This is a collection of resources, instructions, and policies regarding the recording studio in the Olin College of Engineering Library.



The following terms are used in the instructions. Here are some basic definitions to help you  troubleshoot and communicate about the recording process.

Multitrack Field Recorder - a.k.a. Zoom F8. This device records up to 8 input signals.

Controller - a.k.a mixer, F-Control, FRC-8. The controller is the wide flat device on the table with several knobs and gray sliders. It provides easy access to the options on the field recorder that enable quality audio recordings, most importantly trim and fader. It does not record any information itself, it simply controls the recorder.

Fader  - This switch controls fine tuned changes to the volume of recorded audio

Trim - a.k.a. Gain - This knob controls more drastic changes to the volume of recorded audio

Pan - - The Pan knob controls the distribution of the audio signal - in a range of left to center to right (or vice versa). You will use this most frequently to affect what you hear in the headphones. Some people prefer an even distribution of voices in the headphones, while other people like hearing one person in one ear, and another person or sound source in the other.

Input - The audio signal from the source of the sound you want to record.

Output - The audio signal leaving the recorder - either to an SD card and headphones, or,   it can send an analog signal to an external destination like a computer, a remote receiver like a headset, or speakers.

Record - The red button on the controller, and the area of the menu to set output formats.

Wind Screen - The round black object attached to each microphone stand. It can be put in between you and the microphone to help reduce wind noises and ‘plosives’ in the recording.

Cardioid Microphone -  a.k.a. Shure Microphone, SM7B, dynamic microphone - A studio microphone designed for voice.

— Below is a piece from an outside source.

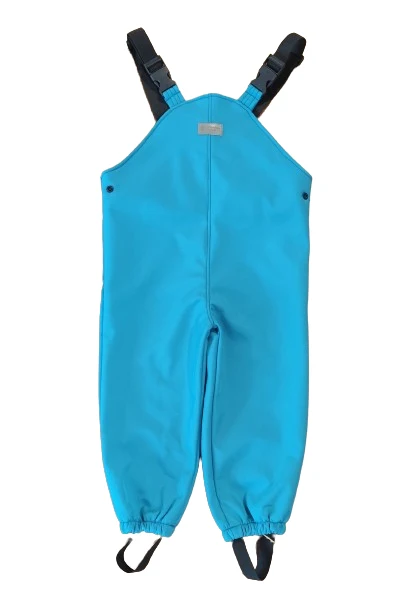 Monkey Mum® Jardineiras softshell com membrana - Lagartixa alegre - Image 2
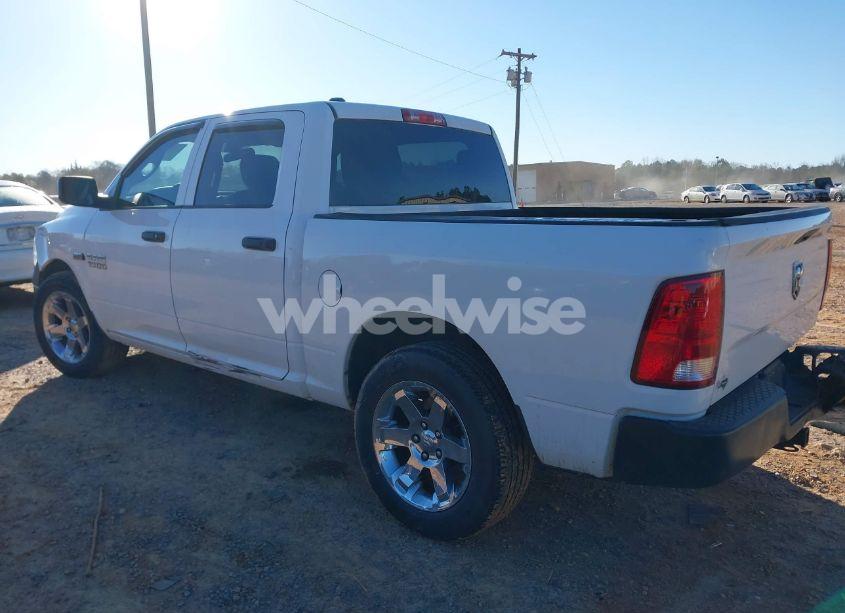 Photo 3 of 2014 Ram 1500 TRADESMAN (VIN 1C6RR6KT7ES480838)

Levels a.k.a. level, levels, “to level” audio - Recording at a good level means to have your gain/trim and faders at the ideal setting for the loudness of the source.

Format - This can refer to many things, but, in this context we talk about formatting SD cards and output formats. Formatting an SD card means deleting all files. There are many output formats to choose from, like .wav or .mp3.

Plosives - Plosives are harsh sounding tones, like p, t, and k’s.

Channel a.k.a. track - Represents an audio input.

Clip or Clipping or ‘hot’ mics - When the audio single maxes out the amplifier, clipping or cutting off, the actual sound wave. This commonly happens when levels are set too high to accommodate a dynamic range of loudness, from whispers to laughing to yelling.